Good classes are hard to make and run. Technological facilitation can make a good class better and it can bring a good class to the world, but the limiting factor here is still quality.

As an aside, Thrun also demonstrated that in many cases those who "do," cannot teach. And he should continue to "do," and find better teachers to do the teaching.


Neither MIT OCW or Khan Academy offer a structured introduction to Statistics. Are there any comparable online courses that are better?

Side note: The course is on MIT OCW, but it's simply notes and exams.

Edit: It looks like Coursera recently launched a course: https://www.coursera.org/course/stats1


I did not go through the stats course from udacity, but went through the build your own robotic car class. I would like to say the opposite of what the author of this article says. The conventional education system is designed to suit people who lean deductively. They prefer to "stand on top of concepts they know"... Then there are people who like to learn by dabbling. People who learn by tinkering. Such people find too much formalism annoying.

Think of it like this... If your child is trying to stand up and walk, dont try to get its gait perfected. Let it enjoy the success of barely standing and moving a few steps forward. I would say "every child has the right to enjoy this moment"... Not just the Usain bolt's and the ballet dancers. I think irrespective of the subject, the initial learning event is just scaffolding. I don't think the best ballet dancer remembers any part of how she actually learnt to walk.
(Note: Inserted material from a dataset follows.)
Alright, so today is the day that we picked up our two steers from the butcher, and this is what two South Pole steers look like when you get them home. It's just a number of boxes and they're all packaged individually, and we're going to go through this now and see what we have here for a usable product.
When I attended the robotics class, I left knowing that "Multiplying gaussians is a cool thing" I figured the skeleton of how particle filters work. Will I drive a car for which I wrote the code. Absolutely not. Will I ask my enemy to sit in a car for which I wrote the code? Absolutely not. But I still got something. Something beyond frustration of being less than "super genius". I left saying "hey that is neat". Tomorrow when I invoke a Kalman filter in say OpenCV, I will feel less insecure about the abilities of that "magic black box". To me the robotic car became a "product of extreme passion created by brilliant hackers" than "mysterious devices created by other worldly geniuses"
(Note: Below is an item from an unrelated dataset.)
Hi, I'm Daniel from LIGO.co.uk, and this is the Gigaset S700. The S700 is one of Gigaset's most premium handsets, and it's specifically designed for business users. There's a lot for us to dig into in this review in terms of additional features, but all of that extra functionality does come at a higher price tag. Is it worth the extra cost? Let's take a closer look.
If I wanted definitions I would look up Mathworld or something better. If I am going to write a paper on genetics, I am not going to use a stats 101 lecture notes as my reference. But here exists a phase in my learning where I actually do not care about the difference in dividing by N or N-1 or N+1. What the guys obsessed with formalism do is that they make that phase such a huge pain, that I bother not to cross it.

I get a way lot more "per hour invested" or "per dollar invested" from online education. From my point of view. That is the major disruption. The barrier to exploration has been almost eliminated. I could dabble with writing science fiction and then take a peep at anatomy.
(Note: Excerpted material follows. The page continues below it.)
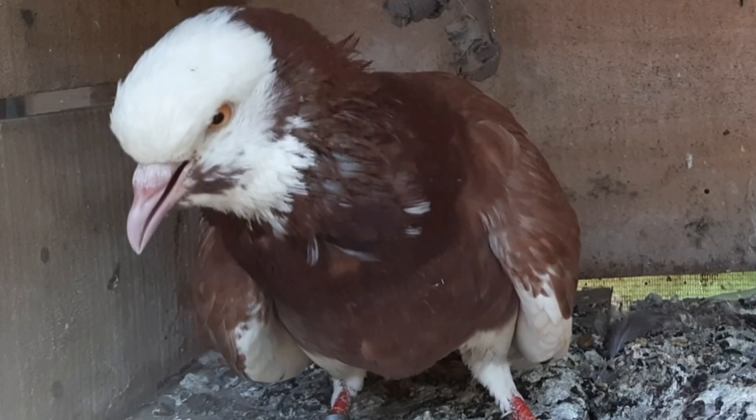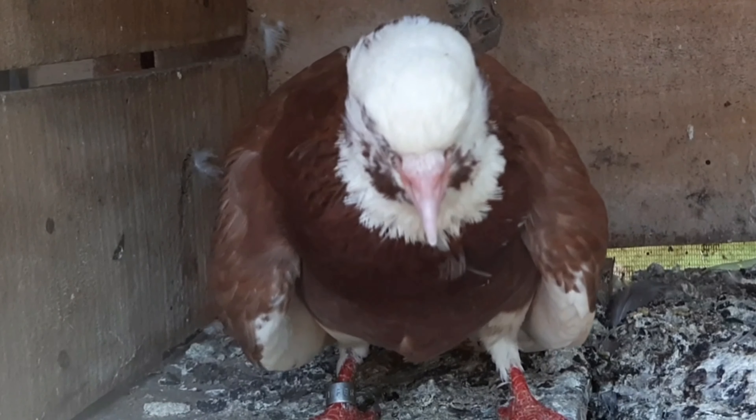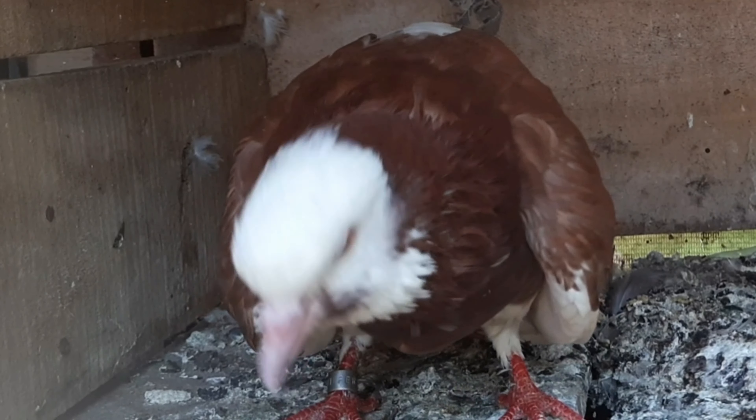Sebelumnya saya ucapkan selamat kepada para juara di lomba minggu kemarin di lapak Lindri. Saya ucapkan terima kasih khususnya kepada seluruh tim PGMB yang kemarin sudah kompak. Alhamdulillah, tim PGMB atas nama burung Katuk Kaca bisa meraih juara 2 di lomba jadungan. Selamat untuk para juara. Alhamdulillah tetap disyukuri walaupun juara 2, tapi sudah perjuangan yang sangat luar biasa.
Somethings like "A guy walked in and it was left in the video" is a positive sign. It shows that they are a scrappy startup creating a minimum viable product. If people start using this product even without the polish, it indicates real value. This is a standard startup practice. Better production quality means fewer classes and slower growth and less data for analytics. So I actually congratulate them for not obsessing with stuff like Video quality. Do you have any idea how google looked when it was released?

Does it have its shortcomings? Yes it does. Am I glad such alternatives exist to "Colorless, Odorless, Tasteless, Expensive Credentialling". Between Stanford or MIT and an online course I would definitely go to the Physical school. But between a tier 2 Indian Univ, I would prefer an online education and use a university only for a credential.